Vanuit de overheid is een Loonraad vastgesteld. Armand Zunder, woordvoerder van de gezamelijke vakbeweging, geeft in een interview met Faried Pierkhan van het RBN-programma Kal Aaj Aur Kal, aan dat de vakorganisatie ook als vakbeweging, het bedrijfsleven en de overheid vertegenwoordigd in de Loonraad. De Loonraad is een instituut dat is aangegeven in de wet. Er moet door de Loonraad een advies worden uitgebracht aan de regering na partijen gehoord te hebben, waarna de regering uiteindelijk een besluit neemt. Volgens Zunder had de Loonraad veel eerder een advies moeten uitbrengen. “Het minimum uurloon waarover het nu gaat dateert van 2019.”

Wens van de gezamenlijke vakbeweging ten aanzien van een nieuw minimun uurloon
Op dit moment is het minimun uurloon SRD 8,40, welke dateert van 2 jaar geleden.

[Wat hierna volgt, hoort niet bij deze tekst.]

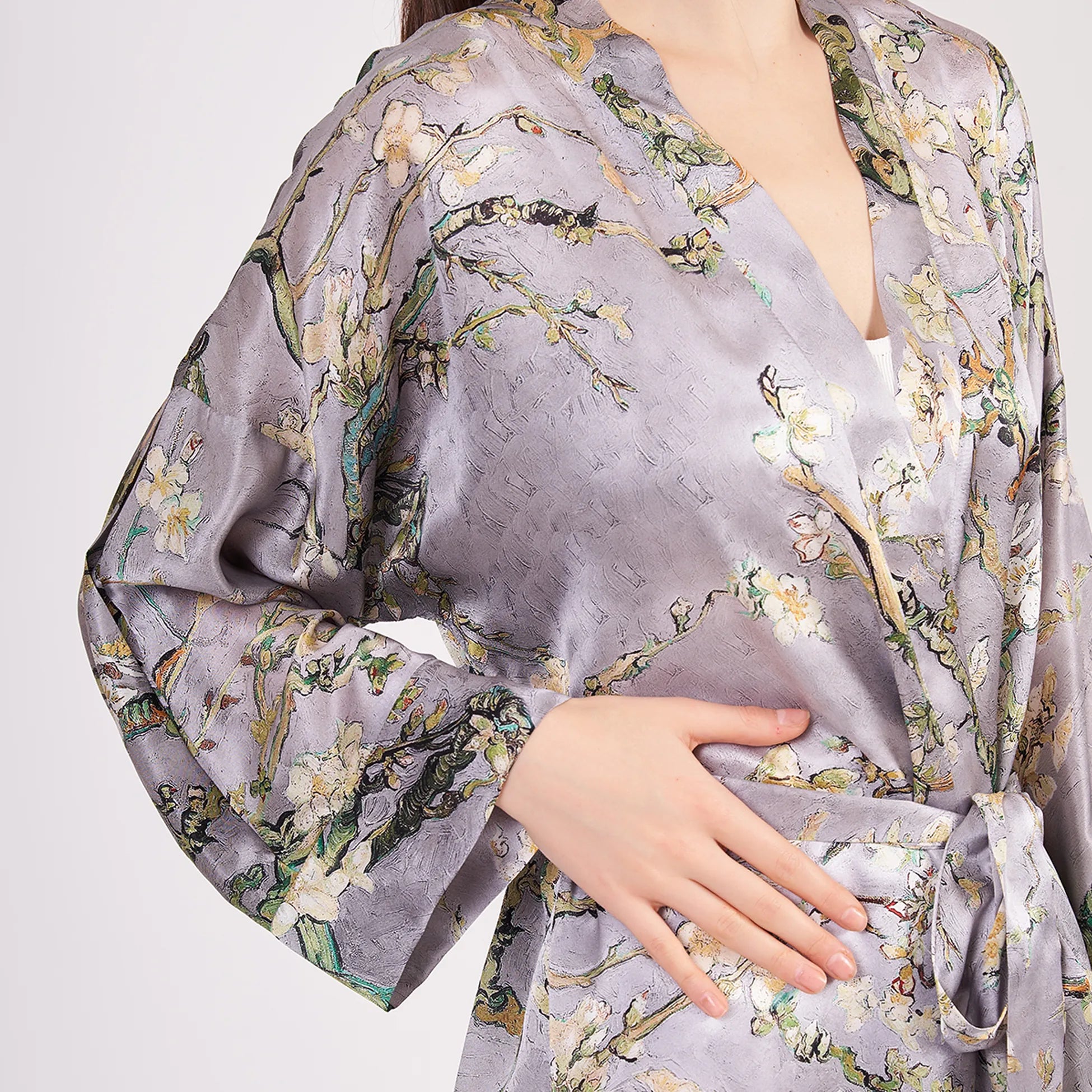 Saf İpek Kısa Kimono Kaftan | Van Gogh Badem Ağacı Gri | Nomads Felt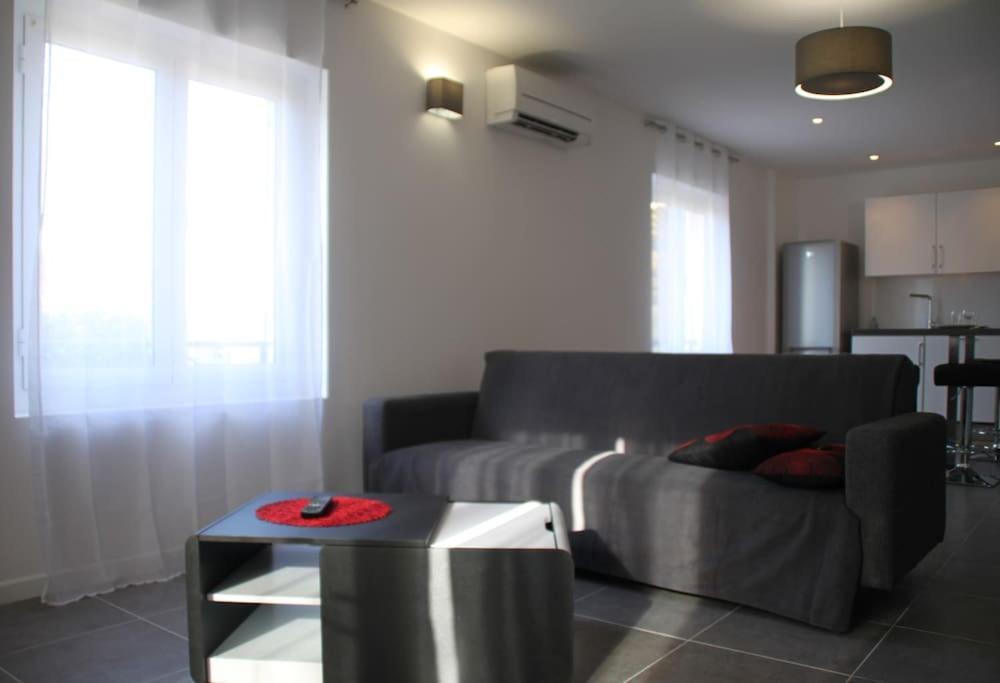 Appart Dans Maison 2 Km De La Plage Villeneuve-Loubet Exterior photo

Zunder geeft aan dat de wens is, dat het minimum uurloon rond de SRD 20 wordt. Op de vraag hoe men aan deze calculatie is gekomen geeft Zunder aan, dat het minimum uurloon eigenlijk iets meer dan SRD 20 is. “Het bedrag is aan de hand van de inflatie berekend.” Of het bedrijfsleven het kan dragen, zegt Zunder dat het daarom belangrijk is om een sociaal dialoog te voeren.

“De zaak is bekeken vanuit de optiek van de werknemers. De grote bedrijven kunnen in ieder geval de SRD 20 als uurloon dragen, omdat zij al meer dan dat betalen. Het zijn dus meer de kleine bedrijven die daar moeite mee zullen hebben. Het punt is dus, dat wij eigenlijk balanceren tussen twee uitersten. Het advies van de Loonraad aan de regering is daarom SRD 15,40 per uur en van de vakbeweging iets meer dan SRD 20 per uur. Partijen zullen binnenkort weer een dialoog moeten voeren om na te gaan wat op dit moment uiteindelijk bereikt kan worden.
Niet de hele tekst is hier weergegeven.